━━━━━ Dataset records ━━━━━

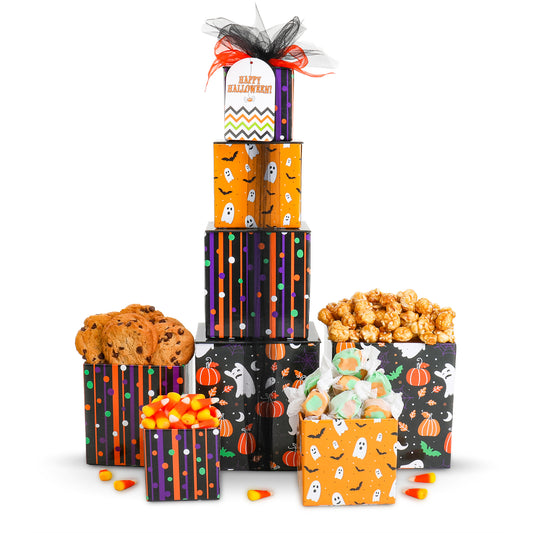 A Halloween-themed gift box set on a white background, featuring stacked patterned boxes with candyand cookies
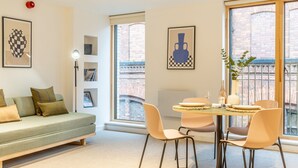Un salon moderne avec un canapé, une table à manger et des chaises, ainsi que de grandes fenêtres donnant sur un immeuble en briques.
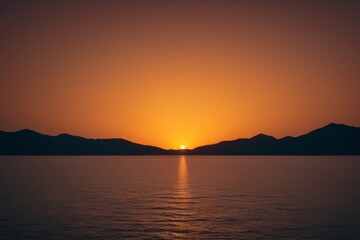 Fototapeta premium arafed view of a sunset over the ocean with mountains in the distance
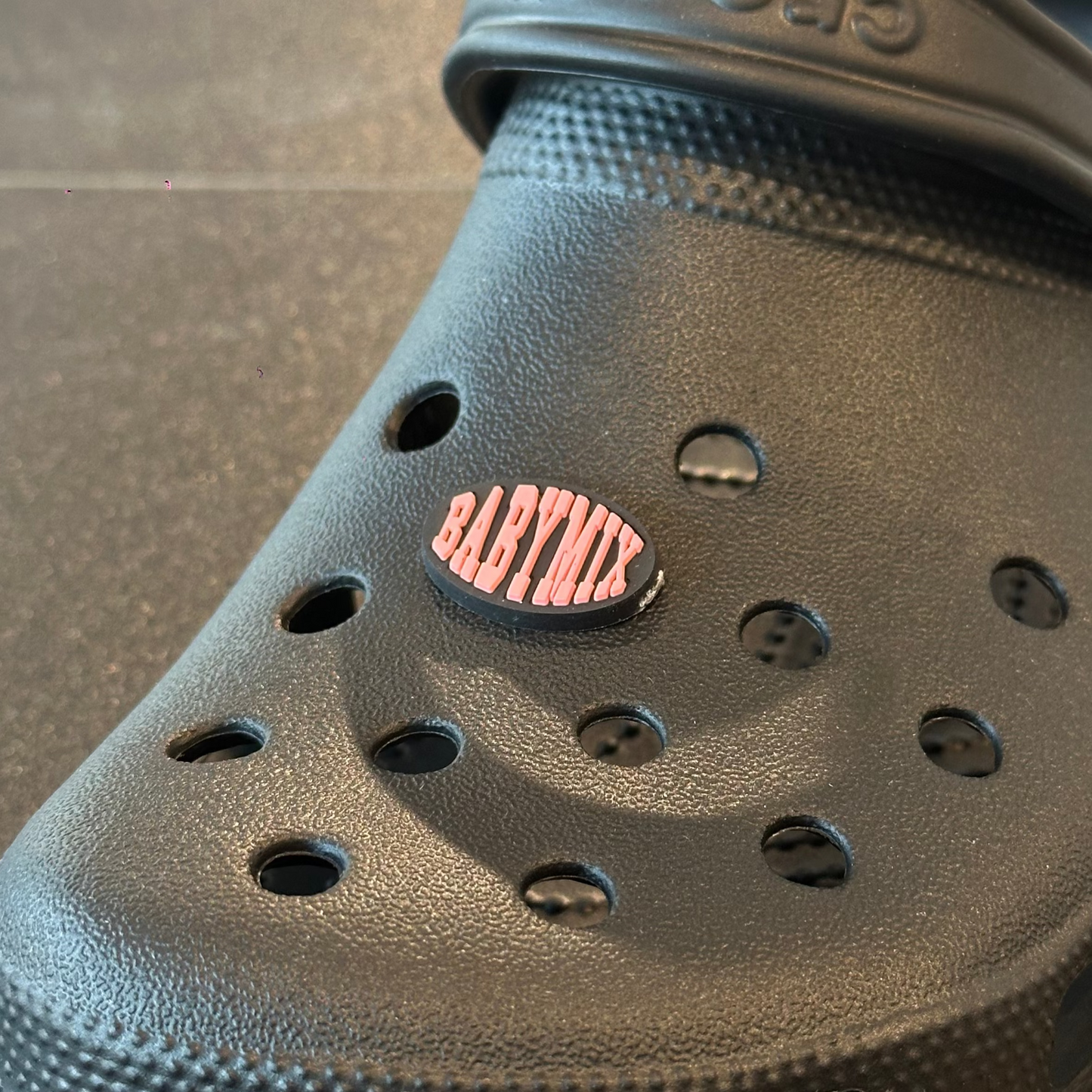 Black clog shoe with a visible brand logo on a dark surface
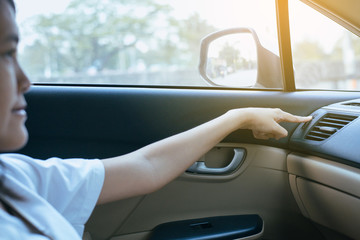 Hand of female turning on car air conditioning system,Button on dashboard in car panel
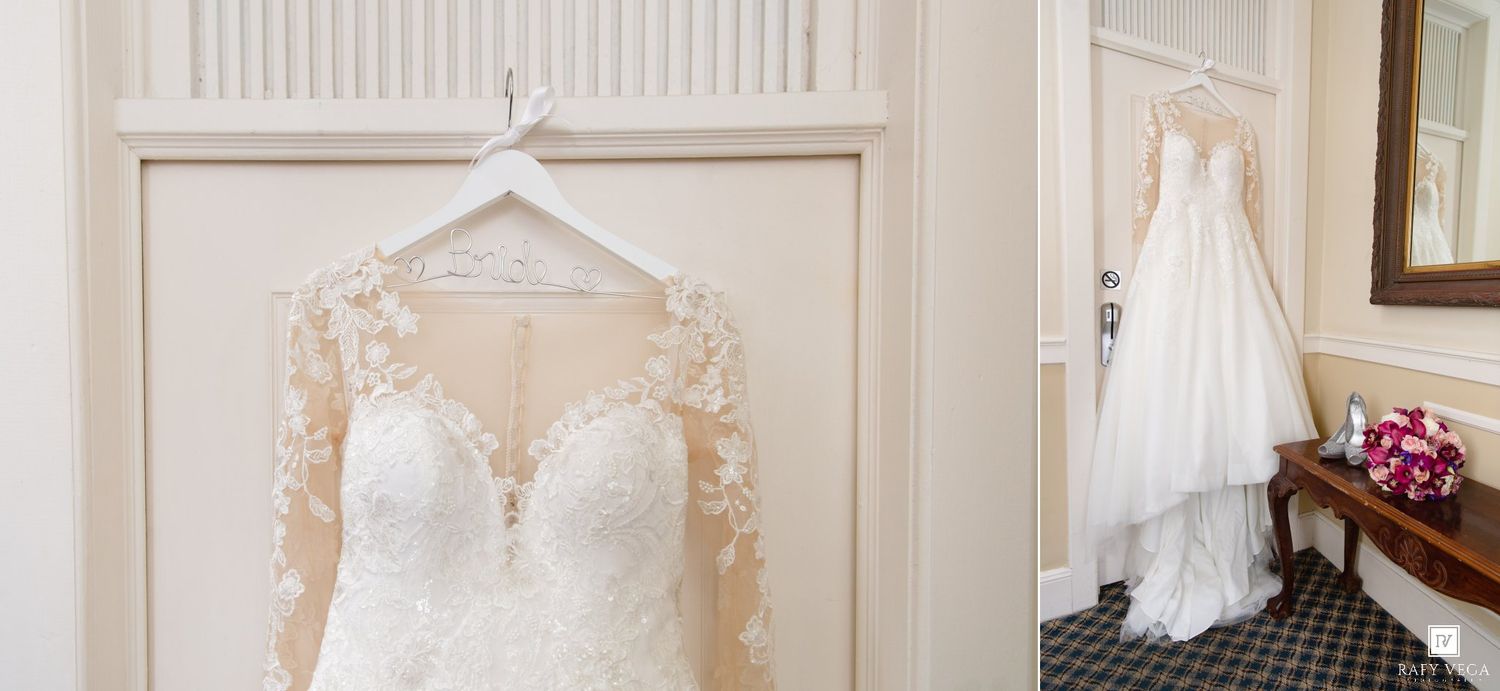 Elegant lace wedding dress with long sleeves hanging on a door beside a flowing white bridal gown displayed in a classic room.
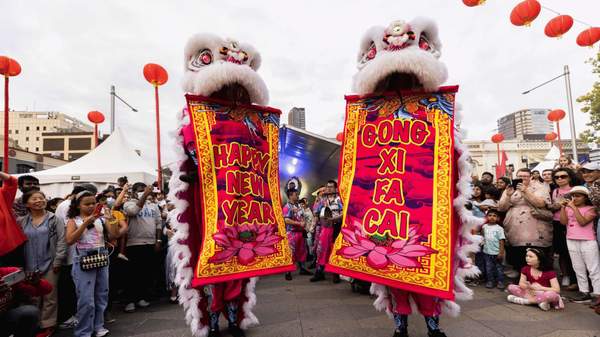Two lion dancers during Lunar New Year in Parramatta.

━━━━━

Write out, exactly and with no pictures, the lines of the data from the first through the line containing "Hand of female".

 A Halloween-themed gift box set on a white background, featuring stacked patterned boxes with candyand cookies
Un salon moderne avec un canapé, une table à manger et des chaises, ainsi que de grandes fenêtres donnant sur un immeuble en briques.
 Fototapeta premium arafed view of a sunset over the ocean with mountains in the distance
 Black clog shoe with a visible brand logo on a dark surface
 Hand of female turning on car air conditioning system,Button on dashboard in car panel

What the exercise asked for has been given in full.